Etudes et marketing direct, un mariage déraisonnable
Deux professions liées au marketing sollicitent régulièrement les consommateurs: les responsables d'études de marché, pour les interroger; les spécialistes du marketing direct, pour leur vendre produits et services. Deux démarches radicalement différentes, nécessitant des aptitudes particulières. Savoir écouter sans induire pour les uns, savoir convaincre pour les autres.
Le monde des études ne s'est jamais immiscé dans celui du marketing direct. Formé à ne modifier sous aucun prétexte l'opinion d'autrui, un bon enquêteur se révélera toujours un piètre vendeur. En revanche, l'inverse est monnaie courante: divers opérateurs du marketing direct effectuent le travail de terrain d'instituts ou d'annonceurs peu scrupuleux... et peu soucieux de la qualité. En effet, les télévendeurs sont incapables d'une écoute patiente. De plus, les conventions collectives diffèrent fortement d'un métier à l'autre. Certains pays ont choisi de marquer juridiquement la frontière entre les deux professions; d'autres se contentent de règles éthiques, plus lâches et plus aisées à contourner - c'est le cas chez nous.
Avec le développement d'Internet, on aurait pu croire le problème derrière nous, les coûts salariaux disparaissant de l'équation. C'était compter sans l'hypercompétition à laquelle se trouvent confrontés les vendeurs en ligne, les acteurs du marketing direct les premiers.
Dans le monde physique, les magasins décorent leurs vitrines pour attirer le chaland, distribuent catalogues et prospectus, collent des affiches, expédient des courriers à leurs clients et prospects - une activité souvent très coûteuse et parfois peu rentable, en cas de fichiers de clientèle de moindre qualité. Dans le monde virtuel, il en va différemment, parce que tous luttent pour occuper massivement un écran de 15 à 17 pouces.
François Laurent, (Adetem)
François Laurent, (Adetem) :
«Certains pays marquent juridiquement la frontière entre études marketing et marketing direct. Il faut édicter un code de bonnes pratiques commun.»
Spam et pseudo-enquêtes, des dérives dommageables
Les masses de courriels reviennent beaucoup moins cher que les envois postaux d'hier: certains spécialistes du marketing direct inondent généreusement les boîtes mail, sans d'ailleurs vraiment respecter la législation, et notamment l'obligation du consentement préalable. Bref, on glisse doucement mais sûrement vers le spamming. Ce qui ne suffit pas pour émerger. Déverser des tombereaux de propositions sur des piles de propositions similaires n'incite pas à la lecture! Alors, il faut trouver des astuces. Certains acteurs donnent dans la surenchère sémantique et multiplient les opérations prix écrasés et ventes flash en tous genres.
D'autres se sont aperçu que les internautes aimaient bien donner leur avis sur la Toile, sur tout: la politique, le temps qu'il fait... et bien sûr, sur les produits et services qu'ils découvrent et achètent. Alors, on les sollicite en ce sens. Je viens également de jeter à la poubelle un e-mail envoyé par «Enquête rémunérée» me demandant, pêle-mêle, si j'étais intéressé par des «bons plans shopping», j'avais «un projet de mariage», je souhaitais «prochainement changer de mutuelle»... auquel cas, on me proposera d'être mis en contact avec une «complémentaire santé et de bénéficier d'un devis gratuit». Je ne pense pas avoir jamais accepté d'être sollicité par «Enquête rémunérée»! Je croyais répondre à une enquête... et voilà qu'on essaie de me vendre toutes sortes de services.
En tant que consommateur, plus jamais je ne répondrai à de telles sollicitations.

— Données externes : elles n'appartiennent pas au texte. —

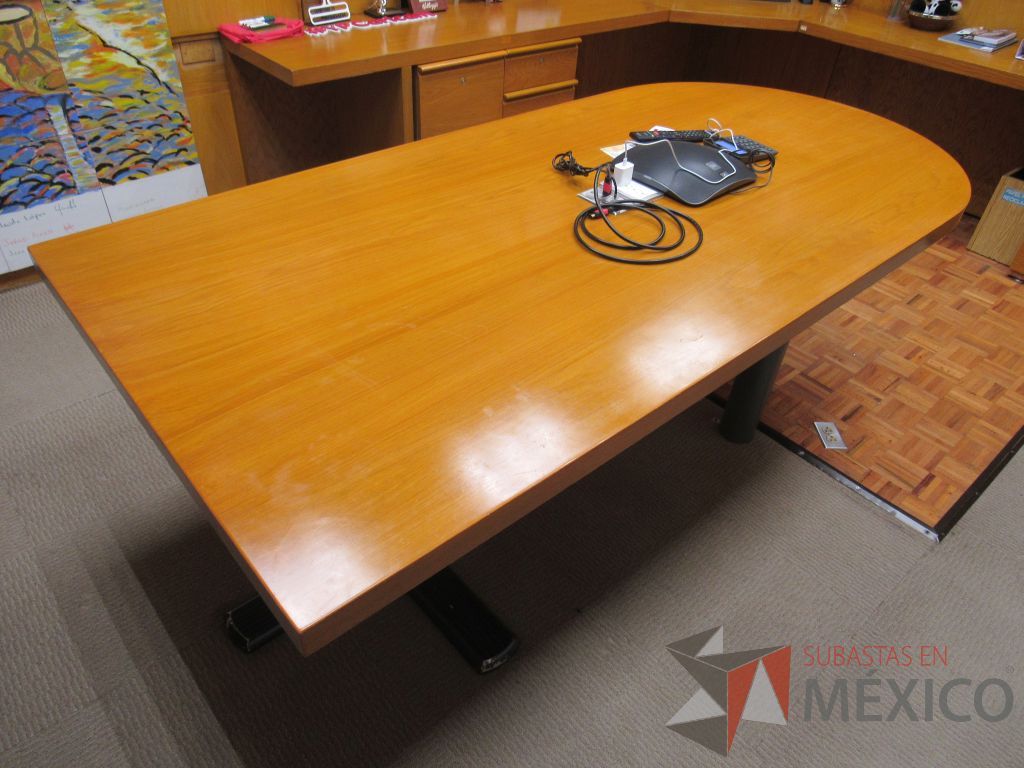 Lote 060 - Oficina Ejecutiva con Escritorio en escuadra, Gabinete, Mesa de trabajo y Repisa - Imagen 6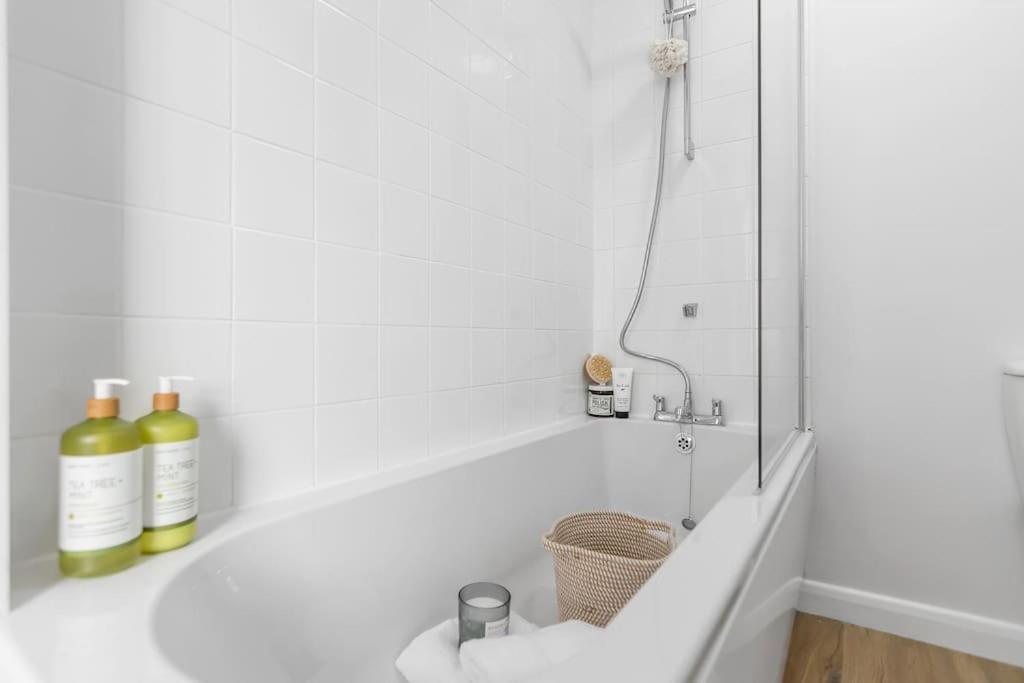 1-Bed Seaside Apartment With Parking Cromer Bagian luar foto
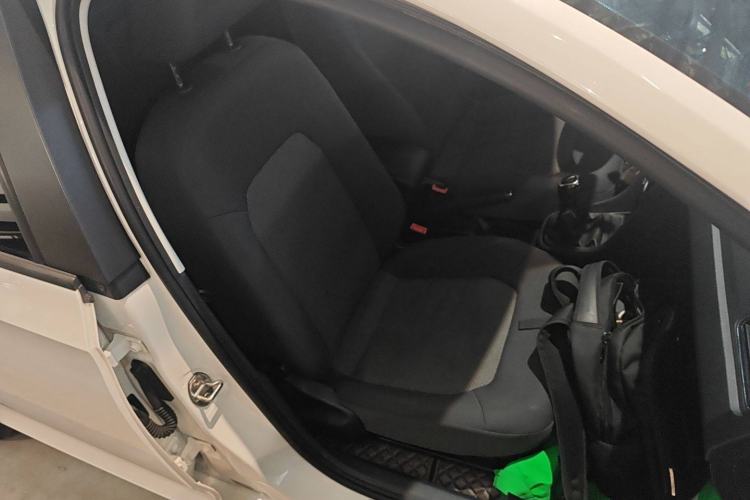 Used Skoda Rapid Spaceback 2018 1.4L Manual Standard Edition Right Front Seat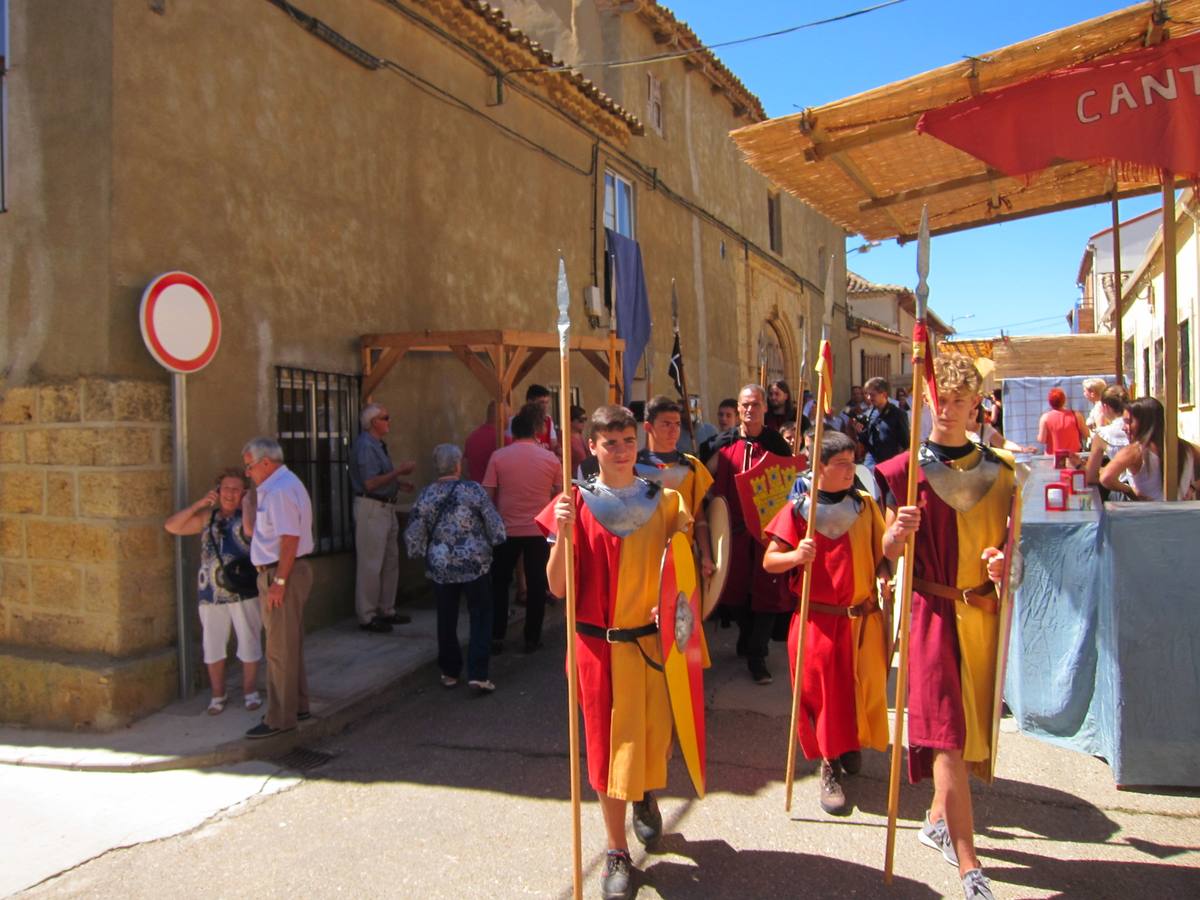 Fotos: XX Mercado artesanal de Tierra de Campos de Tordehumos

Tant pis pour les instituts qui font sérieusement leur travail. En tant que marketeur, je ne peux que déplorer une dérive qui nuit à toute la profession. Aux études, parce que des vendeurs peu scrupuleux se parent d'un masque à leur effigie pour déballer leurs boniments à des internautes qui, demain, refuseront de répondre à leurs enquêtes. A tous les professionnels du marketing (direct, mais pas seulement) parce que de telles pratiques dévalorisent l'image et la crédibilité de tous - pour le seul bénéfice de quelques-uns, et encore, ce n'est même pas sûr.
Il serait temps que tous les intervenants concernés se réunissent autour d'une table et qu'ils se demandent, sans langue de bois, où de telles pratiques risquent de conduire le marketing en général. Et qu'ils édictent ensemble un code de bonnes pratiques. C'est à la fois une question de salubrité et de survie.